Second, Harper said Canada will fight for Israel “to enjoy the full measure of its sovereignty” at the United Nations. Currently, Israel is excluded from many regional councils and, by extension, cannot be a member of bodies, such as the Security Council, which reserves seats for representatives from various regional bodies.
Finally, he said his support for Israel means Canada will refuse to single out Israel for criticism on the international stage.
“It is all too easy ‘to go along to get along’ and single out Israel,” Harper said.
Others who do that, Harper said, end up on a slippery slope of moral relativism.
“And in the garden of such moral relativism, the seeds of much more sinister notions can be easily planted.
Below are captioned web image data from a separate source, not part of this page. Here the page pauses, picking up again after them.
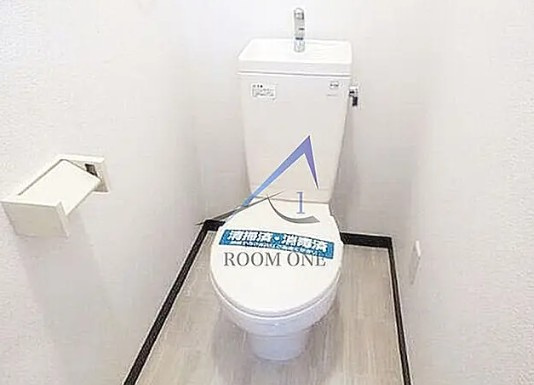 シュミネ森下のトイレ|トイレです。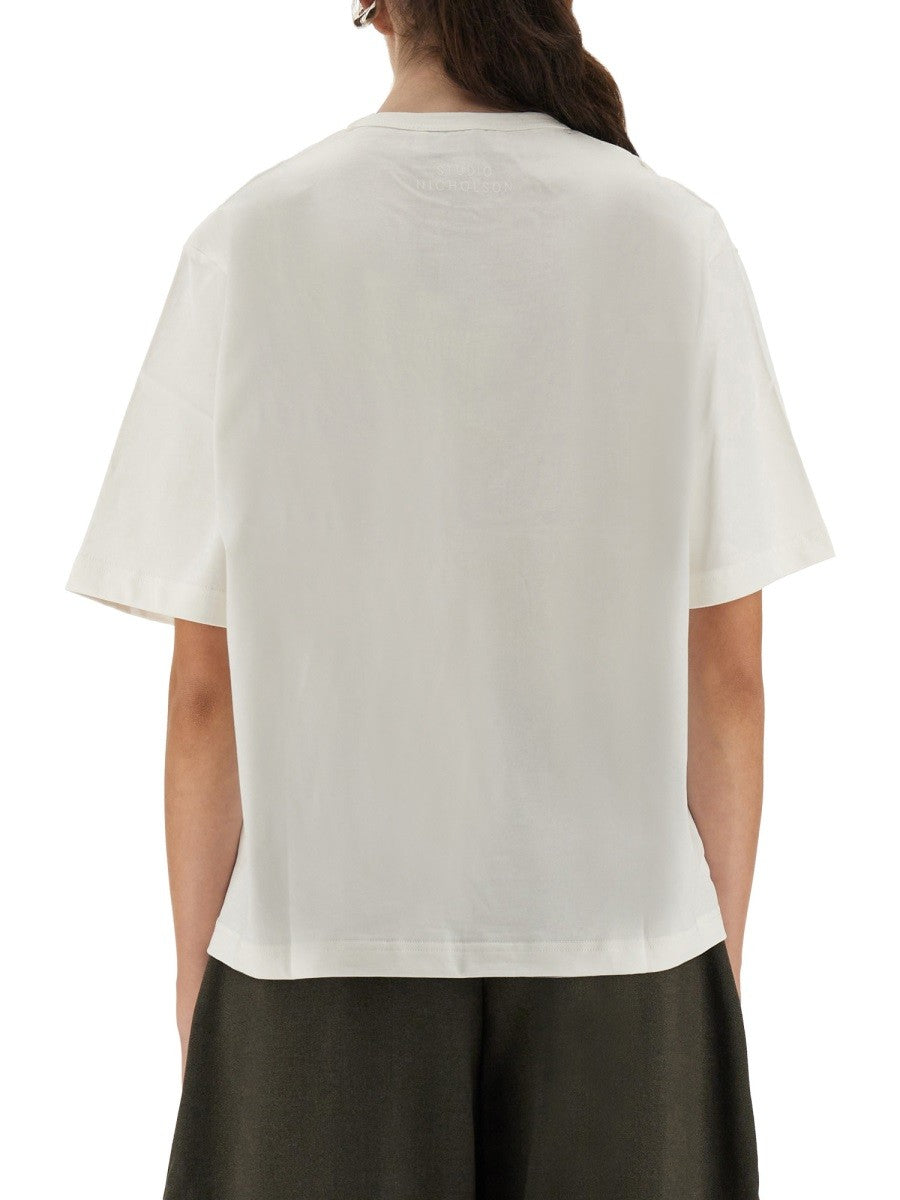 COTTON T-SHIRT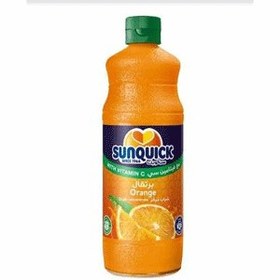 تصویر شربت سان کوئیک پرتقال اصل 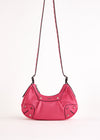 Gaudi' Mujer Bolso bandolera V5AE-12143 Fucsia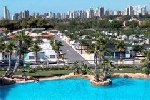 Camping Villamar, Benidorm, Costa Blanca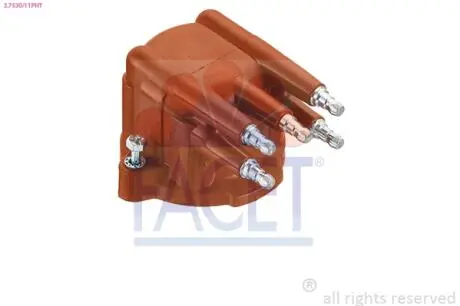 Крышка распределителя FACET 2.7530/11PHT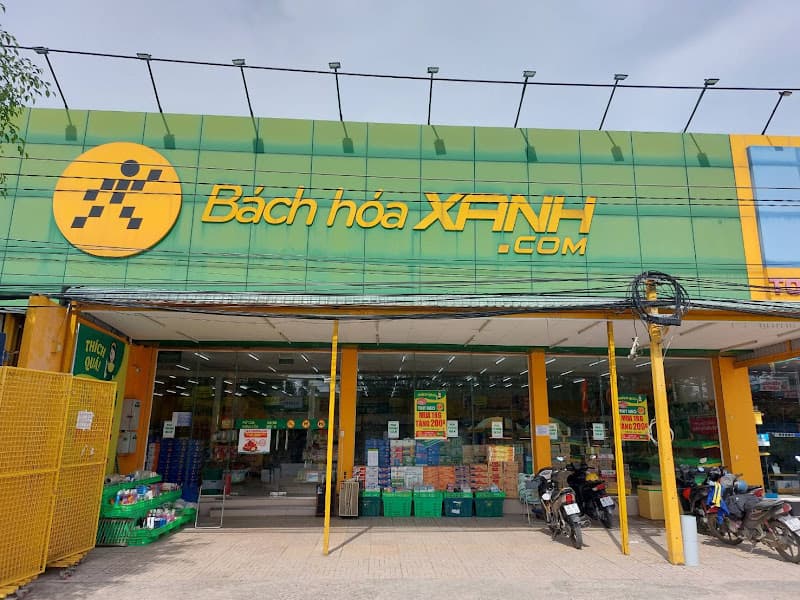 Ảnh bìa Siêu thị Bách hóa XANH Ấp Vĩnh Lợi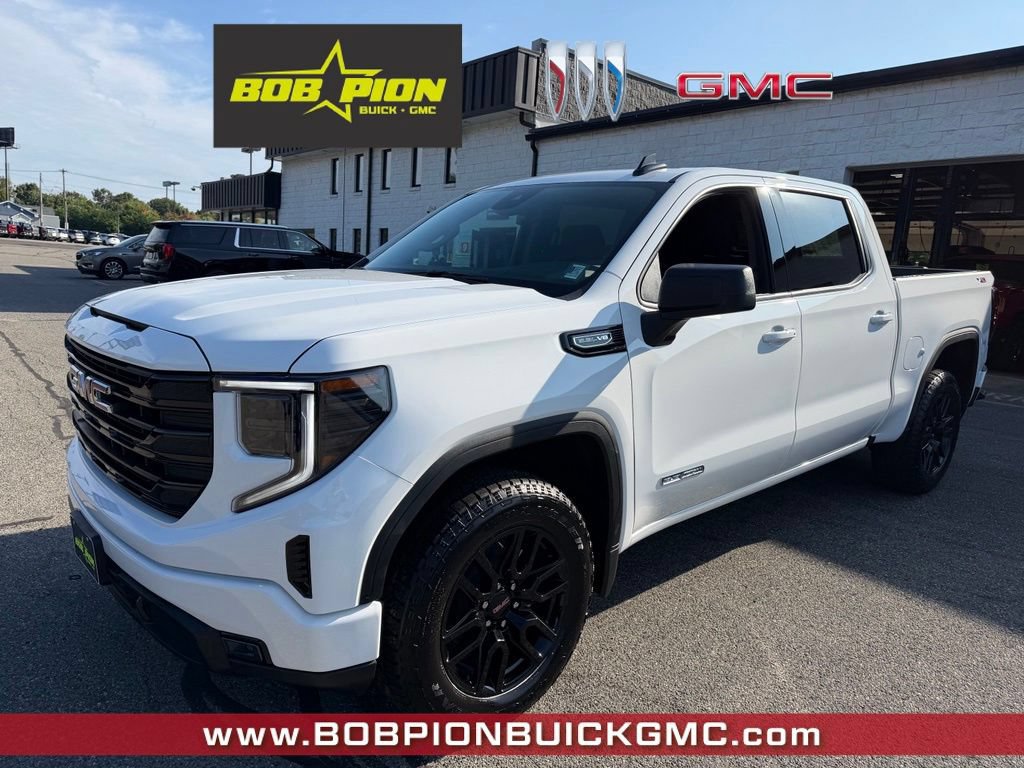 New 2026 GMC Sierra 1500 Elevation w/ Preferred Package AWD/4WD image 6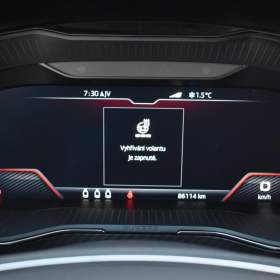 Foto inzerátu Škoda Superb 2,0 TDi  Sportline LED Virtual Kessy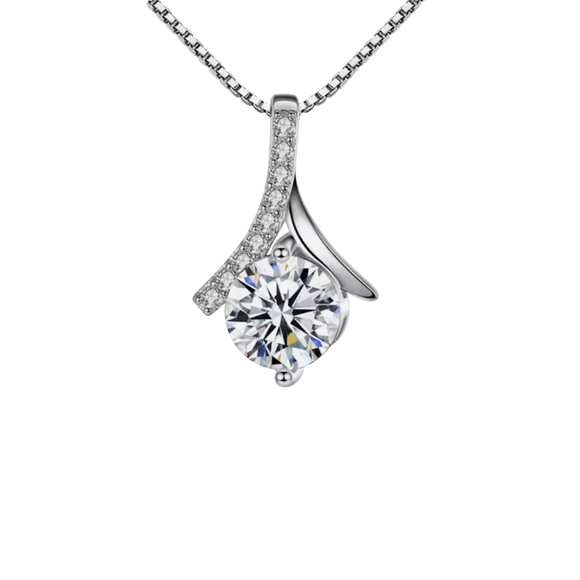 Luxe Curve Necklace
And so we have witnessed, in recent years, the mutation of the old disease of anti-Semitism and the emergence of a new strain,” Harper said.
Harper said this new anti-Semitism disguises itself in language that pretends to be “sophisticated” or as “intellectualized arguments against Israeli policies.”
He said “this is the face of the new anti-Semitism.”
Finally, he argued that criticism of the state of Israel is itself anti-Semitic and therefore hateful.
“What else can we call criticism that selectively condemns only the Jewish state and effectively denies its right to defend itself while systematically ignoring — or excusing — the violence and oppression all around it? What else can we call it when, Israel is routinely targeted at the United Nations and when Israel remains the only country to be the subject of a permanent agenda item at the regular sessions of its Human Rights Council?”